Only the lines running from the line with "世子之争向来如此 这个河堤看到妈妈抱着仔仔的反应真的太好笑了！" to the end of the listing below should be copied, exactly, without pictures.

§ **Supplied material**
· · · ·

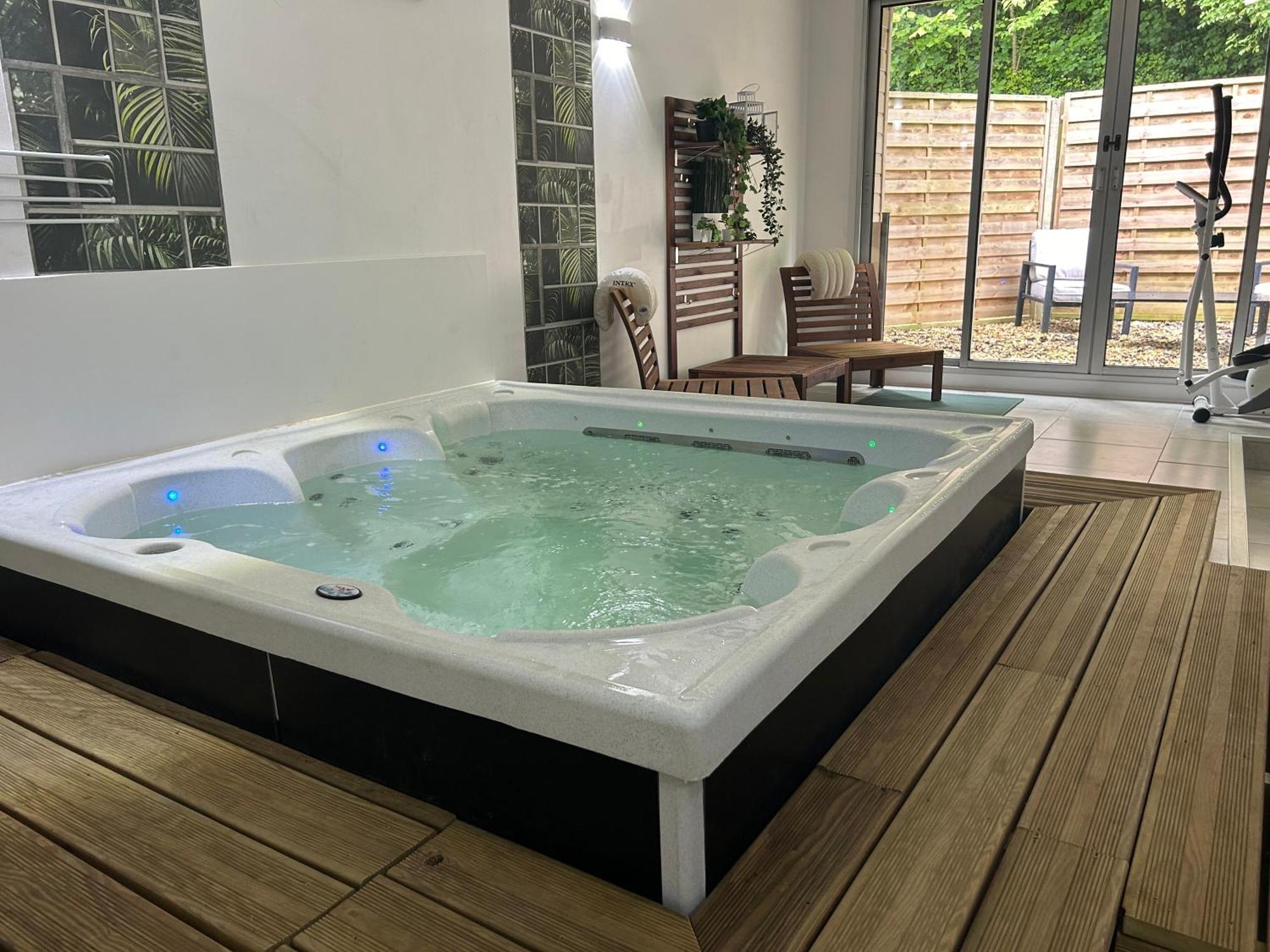 Loft And Spa Les Preaux Екстериор снимка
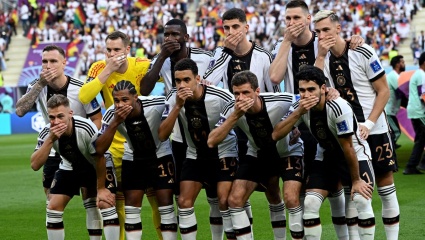 Fuerte protesta de los jugadores alemanes contra la FIFA y Qatar por no permitirles usar el brazalete LGBTIQ+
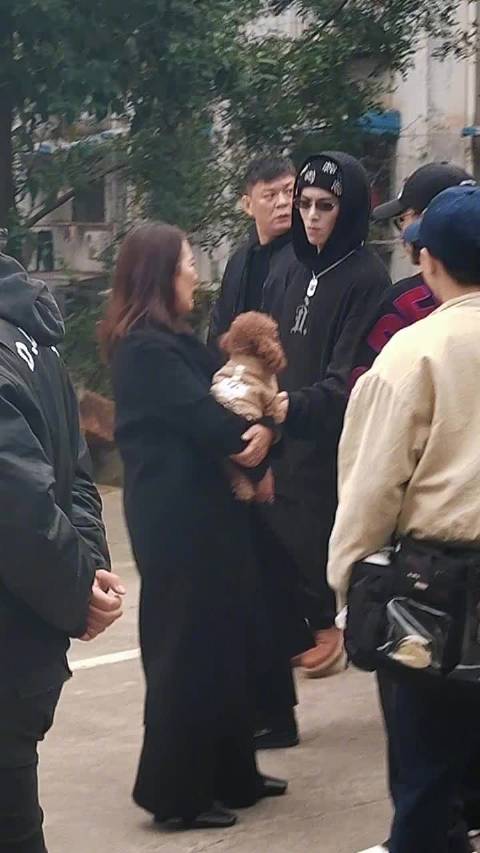 世子之争向来如此 这个河堤看到妈妈抱着仔仔的反应真的太好笑了！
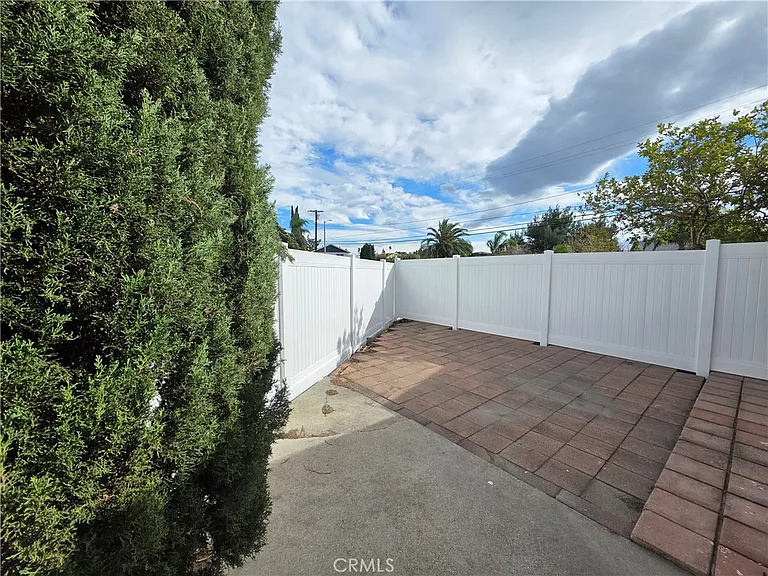 13501 Egbert St — Photo 33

· · · ·

§ **Answer to the problem**
 世子之争向来如此 这个河堤看到妈妈抱着仔仔的反应真的太好笑了！
 13501 Egbert St — Photo 33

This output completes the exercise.